I see the appeal in New Year’s resolutions. We make them out of the desire to better our lives. I get it. Really, I do! Who doesn’t want to be in better shape, richer or travel more? I’m on board… but I have made those resolutions and failed… year after year. I’ve failed because I am a HUGE procrastinator, an excessive shopper and my choices (due to my incredible personality) are normally not that smart… so this is what I have decided. I’m not going to sit here and rattle on with resolutions on how to better my life – due to society’s skewed views – this year… instead I’m looking back on 2012 and taking in what the last 365 days have taught me and I’m going to figure out a way for me to do more things right than wrong this year. I’ve put together a list that will help me to become a(n – even) better person… or at least that’s what I’m hoping.

  • To start with the typical one that will make me a healthier person – working out. Admittedly, I do always feel better after I work out. I like people and life a whole lot more when I’m not sitting on my butt watching reality tv and stuffing my face full of Lay’s potato chips. Working out improves my attitude which in turn makes me a better person… see full circle.
  • Along with the being healthier goal, I’m going to work on my confidence this year. No more looking in the mirror and feeling even the slightest bit of disappointment.
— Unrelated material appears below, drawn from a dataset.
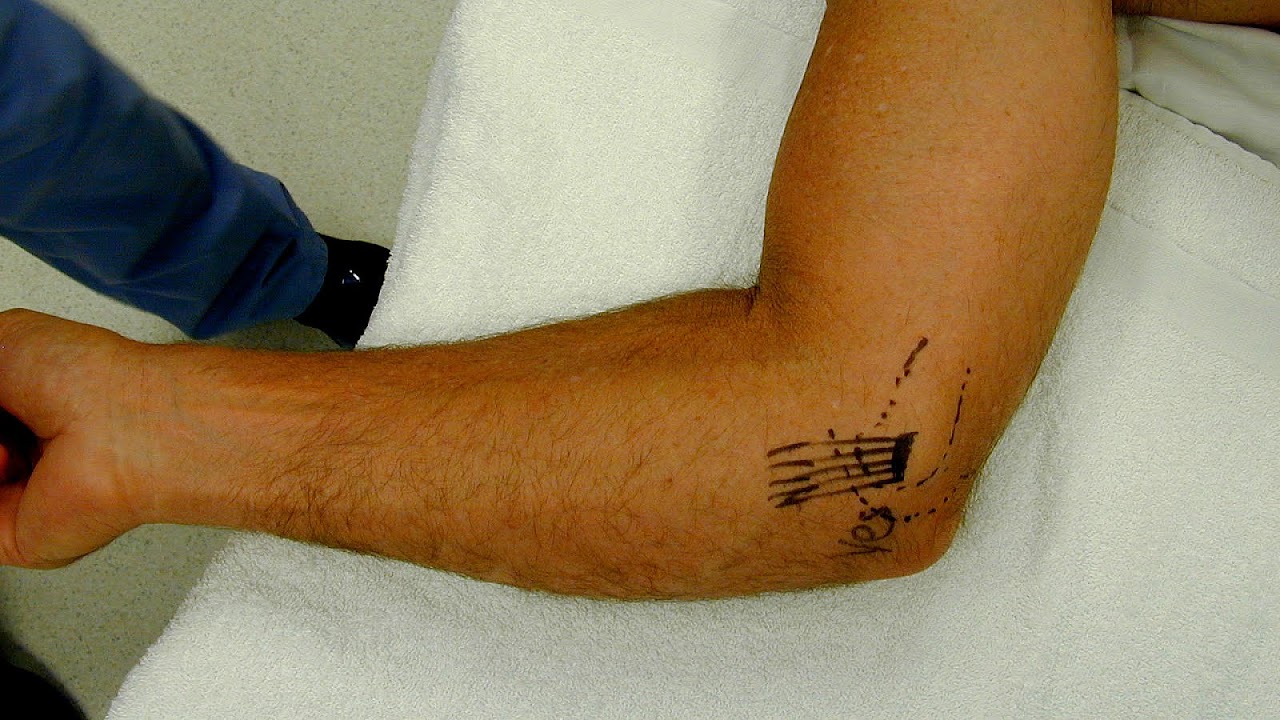 Ulnar collateral ligament injury of the elbow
This goes for everyone – we are programmed to be hard on ourselves and it’s not necessarily what everyone else is seeing when they look at us – so I’m going to be as generous towards my own reflection as I am towards those of my best friends.
  • No more comparisons. I don’t know if this happens to you guys, but at the end of every year I like to reflect on what I actually accomplished that year. Did I do enough? I mean naturally I compare my year and accomplishments to others but from here on out I’m done comparing my life to others… I am so blessed with a fantastic family and great friends and I have so much therefore I am donezo. No more feeling ungrateful!
  • I’m going to be more accepting of change this year. I’ve learned more than ever this year that this is one of the biggest things that happens in our 20s! My jobs have changed, cities change and friendships change… my outlook on success and love have changed. Some of my closest friends from childhood are changing into parents and my parents have changed into being two of my closest friends. Things are changing all around me at all times – so this year I’m going to be more open to it… it is going to happen whether I like it or not so why not jump on that bandwagon willingly?
  • I know that there will be some days this year when – even though I’m surrounded by people and things that I love – I will feel completely alone. I felt it so many times this past year and I know now that it’s just a glitch. Just a skip in the song that is my life. I understand that life isn’t easy… it’s just that no one really said that it would be this hard. More than a few times this year the hard was a hell of a lot harder than I thought it could be but we can’t go back… we gotta keep going and that’s what I’m doing. Waiting for that song to end and for the next one to begin.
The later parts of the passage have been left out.